Beauty in popular Indian Cinema has served the male gaze for a long long time. As someone who came of age in the early noughts, the leading ladies I was exposed to often appeared polished and flawless. It was not until I watched Deepa Mehta’s Water (2005) in college that I knew I had been betrayed. It was a kind of reverse culture shock: the world and women, created by the auteur were strange to me. Thus began my film education. Since then, I’ve actively sought women’s stories especially brought to life by women, with empathy and realness. Indeed, beauty seen through the lens of a female creator is unique, but what exactly makes it so?
On a closer look, it is revealed that the magic lies in the remarkable details that make up female characters in films made by women creators. The unkempt, Day Three hair on Bhumi Pednekar in Zoya Akhtar’s Netflix anthology Lust Stories (2018) is in-line with the disassociation her character is shown to be feeling. The women in films written and/ or directed by other women look like our mothers, neighbours, sisters, peers and strangers on the street. Just look at Konkana Sen Sharma’s bare-bones portrayal of a disillusioned housewife on the brink of a breakdown in Alankrita Shrivastava’s Dolly Kitty Aur Woh Chamakte Sitare (2020).
For Ashwiny Iyer Tiwari (director of modern gems like Nil Battey Sannata (2016) and Bareilly Ki Barfi (2017), the essence of beauty lies in the character itself. “After keenly observing my actor, I discuss them with my cinematographer, what kind of lighting will elevate the simplicity. Good camera work does not need a lot of make-up. It just needs knowledge and ideas to explore the potential of an actor without making them conscious of how they look. Whether it’s Swara’s love for her kohl eyes despite the character’s background or Kriti’s no make-up plump cheeks and bright eyes enhanced by lighting and camera work–every face is defined by the backstory of the character, which the actors emit through the eyes of the storyteller,” she reflects.
Ashwiny also added, ”To be raw and confident about your inner beauty which reflects externally is what is most important for me. It’s challenging to be simple and have complete clarity and confidence to emote beauty. Especially when it has been subject to immense crucifixion concerning the colour of the skin, the shape of your chin, including the little pimple that just arrived. Seeing my actors let go of their inhibitions is worth every effort of believing in minimalism and the balance of inner beauty and external beauty.”
Screenwriter Kanika Dhillon, who wrote Size Zero (2015), Manmarziyaan (2018) and Judgementall Hai Kya (2019), creates her leading ladies from women who deserve to be role models in her head. “My leading lady is someone who knows her mind, has ambition and wears her flaws proudly. We are a nation that idolizes the notion of a woman who is beautiful inside out. But somehow, my women do not adhere to that. Instead, they adhere to perhaps a norm of wanting to live a full life, doing what they want, having an agency of choice— and that is for them a beautiful life.”

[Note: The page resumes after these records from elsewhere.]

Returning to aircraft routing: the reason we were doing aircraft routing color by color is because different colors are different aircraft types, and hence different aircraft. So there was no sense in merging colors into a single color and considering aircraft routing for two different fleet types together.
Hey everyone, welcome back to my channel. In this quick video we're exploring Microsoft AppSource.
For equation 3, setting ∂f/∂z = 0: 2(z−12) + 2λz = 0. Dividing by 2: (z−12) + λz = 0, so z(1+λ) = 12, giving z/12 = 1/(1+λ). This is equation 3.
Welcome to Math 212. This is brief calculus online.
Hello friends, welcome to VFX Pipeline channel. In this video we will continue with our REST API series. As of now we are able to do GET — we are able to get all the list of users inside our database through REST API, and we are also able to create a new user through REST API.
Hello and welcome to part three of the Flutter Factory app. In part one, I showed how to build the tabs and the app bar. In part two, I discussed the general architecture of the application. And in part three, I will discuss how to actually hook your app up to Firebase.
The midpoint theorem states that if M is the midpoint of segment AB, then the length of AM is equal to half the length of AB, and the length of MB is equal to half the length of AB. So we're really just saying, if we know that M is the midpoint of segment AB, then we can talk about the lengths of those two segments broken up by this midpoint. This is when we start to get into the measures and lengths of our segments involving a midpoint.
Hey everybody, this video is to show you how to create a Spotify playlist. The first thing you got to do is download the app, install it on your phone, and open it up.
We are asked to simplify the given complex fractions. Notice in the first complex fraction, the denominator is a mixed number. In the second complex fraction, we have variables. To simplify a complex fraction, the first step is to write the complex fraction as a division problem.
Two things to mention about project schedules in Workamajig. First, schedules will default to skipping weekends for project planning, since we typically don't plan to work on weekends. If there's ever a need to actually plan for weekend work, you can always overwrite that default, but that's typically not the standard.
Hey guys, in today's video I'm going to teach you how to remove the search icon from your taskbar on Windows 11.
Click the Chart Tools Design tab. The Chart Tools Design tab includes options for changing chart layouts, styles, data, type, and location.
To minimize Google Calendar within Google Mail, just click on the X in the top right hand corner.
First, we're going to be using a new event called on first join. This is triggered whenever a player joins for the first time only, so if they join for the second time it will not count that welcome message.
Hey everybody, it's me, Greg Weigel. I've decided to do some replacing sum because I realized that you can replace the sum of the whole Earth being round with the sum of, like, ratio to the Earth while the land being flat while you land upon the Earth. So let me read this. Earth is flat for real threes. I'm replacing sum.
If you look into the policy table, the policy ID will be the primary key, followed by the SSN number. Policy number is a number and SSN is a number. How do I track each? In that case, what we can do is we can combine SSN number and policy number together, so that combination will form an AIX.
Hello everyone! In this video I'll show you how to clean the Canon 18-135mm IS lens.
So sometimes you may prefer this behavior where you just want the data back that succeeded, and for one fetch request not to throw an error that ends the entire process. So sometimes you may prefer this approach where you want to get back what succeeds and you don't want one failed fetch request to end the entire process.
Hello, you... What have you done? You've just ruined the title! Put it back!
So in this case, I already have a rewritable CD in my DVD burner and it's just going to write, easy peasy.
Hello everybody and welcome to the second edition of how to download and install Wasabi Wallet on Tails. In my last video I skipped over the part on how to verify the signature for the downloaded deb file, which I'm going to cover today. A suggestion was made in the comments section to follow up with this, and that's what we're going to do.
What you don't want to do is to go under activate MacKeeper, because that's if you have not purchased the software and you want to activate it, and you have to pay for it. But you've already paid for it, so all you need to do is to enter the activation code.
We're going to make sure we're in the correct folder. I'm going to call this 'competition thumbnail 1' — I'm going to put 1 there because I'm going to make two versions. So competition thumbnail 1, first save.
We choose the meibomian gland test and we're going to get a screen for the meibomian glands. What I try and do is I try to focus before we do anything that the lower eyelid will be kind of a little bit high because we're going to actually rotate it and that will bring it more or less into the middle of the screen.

“My women also challenge the moral yardsticks that are handed down from generation after generation of what a very desirable woman should be like. The expectation from women is to be coy, graceful, obedient, and not too opinionated. Strong women are looked down upon in real life, the society does not take to them too kindly and are very quick to judge them. My ladies challenge that because they are at the center of the narrative and are not apologetic about their choices. This is the only way they know how to be,” Kanika further elaborates.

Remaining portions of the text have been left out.